According to a number of new reports, the U.S. Department of Justice is conducting an antitrust investigation into the nation's four largest wireless carriers, with a focus on AT&T and Verizon as well as the GSMA, about possible collusion over eSIM technology. Specifically, the agency is looking at whether the companies worked together to prevent broad adoption of the technology, which would allow customers to more easily switch carriers.
According to the reports, which cited unnamed sources familiar with the situation, the DOJ started its investigation in February after receiving complaints from at least one device maker and one wireless operator. Bloomberg reported that Apple was one of the companies that issued a complaint on the topic.
The DOJ reportedly looked into the same issue in 2016 but closed the investigation without taking action.
At issue in the investigation is whether the nation’s largest wireless operators are working together to squelch a technology that would allow customers to switch their service provider without having to insert a new SIM card into their existing phone. That’s the promise of eSIM, a technology that has been around for close to a decade.

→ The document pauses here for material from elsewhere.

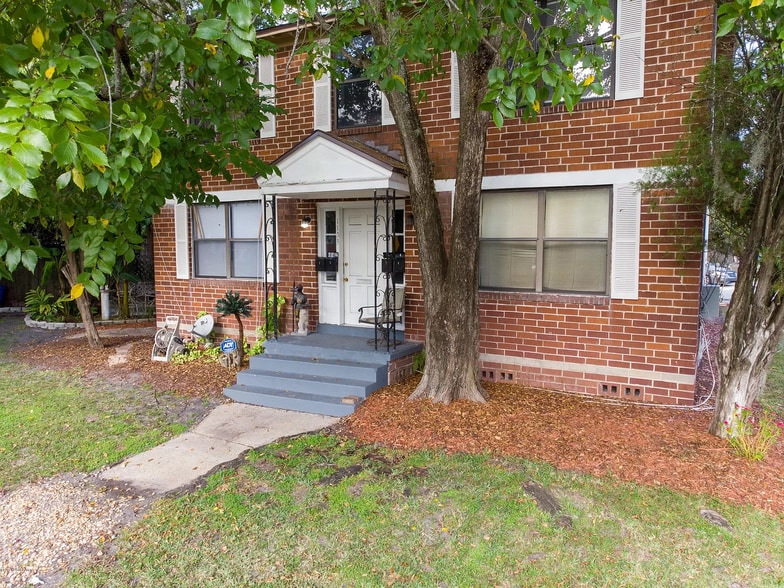 Riverside 12 Units portfolio of 3 properties for sale on LoopNet.com - Building Photo - Image 3 of 16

Interestingly, a Verizon spokesperson acknowledged the new investigation: Verizon's Rich Young told Bloomberg it was a “difference of opinion” with phone manufacturers on a standard for the switching technology. “Any good government inquiry is looked at and ultimately decided on merit,” Young said, according to the pubilcation. “That was the case in 2016 and we are very confident the government will reach the same conclusion this time.”
In a statement, the GSMA said it has stopped development of the eSIM standard and is cooperating with the DOJ on the investigation. "This standard contains a wide range of features, including the option for the eSIM to be locked. In the United States, consumers would have this option; however, they would need to explicitly consent to this under specific commercial agreements with their mobile operator, for example when purchasing a subsidised device," the GSMA said.
A number of Wall Street analysts said that it's too early to gauge what effect the investigation might have on the U.S. wireless industry, but J.P. Morgan analyst Philip Cusick warned that it might chill the DOJ's attitude toward a possible merger between Sprint and T-Mobile.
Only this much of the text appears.